USDA funding to trade groups like Christmas tree growers raises eyebrows

Most Americans have never heard of the Risk Management Agency, but the obscure U.S. Agriculture Department office spreads good cheer and millions of dollars in grants each year to industry trade groups and universities in the name of promoting economic stability in the farming industry by reducing risk.

Along the way, such well-oiled players as the $1 billion-a-year Christmas tree industry or the grape farmers who supply California’s booming winemakers have cashed in on the largesse. Even the lobby for prune growers got in on the action, scoring funds to teach its members how to better negotiate marketing contracts, records show.

Most often, the RMA’s money is going toward educating farmers on how to make use of crop insurance, adding potential new customers to an already overburdened federal program that costs taxpayers billions of dollars each year, the agency’s own documents show.

For handing out millions to trade groups that are hardly needy, at a time when taxpayers are in need of some spending relief of their own, USDA’s Risk Management Agency wins this week’s Golden Hammer, a weekly award handed out by the Washington Guardian to highlight examples of excessive or wasteful federal spending.

The Agriculture Department is unapologetic, insisting RMA’s outreach and education grants fulfill a critical mission.

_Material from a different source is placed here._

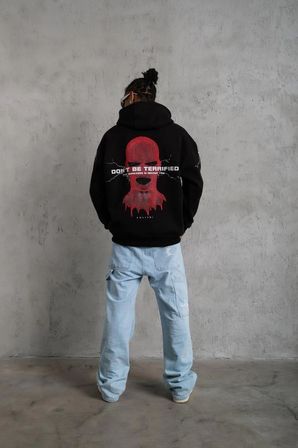 Erkek 3 İplik Pamuklu Kapüşonlu Baskılı Cepli Oversize Sweatshirt Hoodie - Siyah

“In administering this program, USDA is complying with the directives as authorized by the U.S. Congress in the Federal Crop Insurance Act, which provides the authority to promote and regulate sound risk management solutions to improve the economic stability of American agriculture,” the department said in a statement to the Washington Guardian.

But longtime budget hawks have a different take, saying RMA’s efforts amount to nothing more than spending tax dollars to help trade lobbies encourage farmers to apply for crop insurance that is subsidized by the government, essentially adding to the taxpayers’ burden in the long run.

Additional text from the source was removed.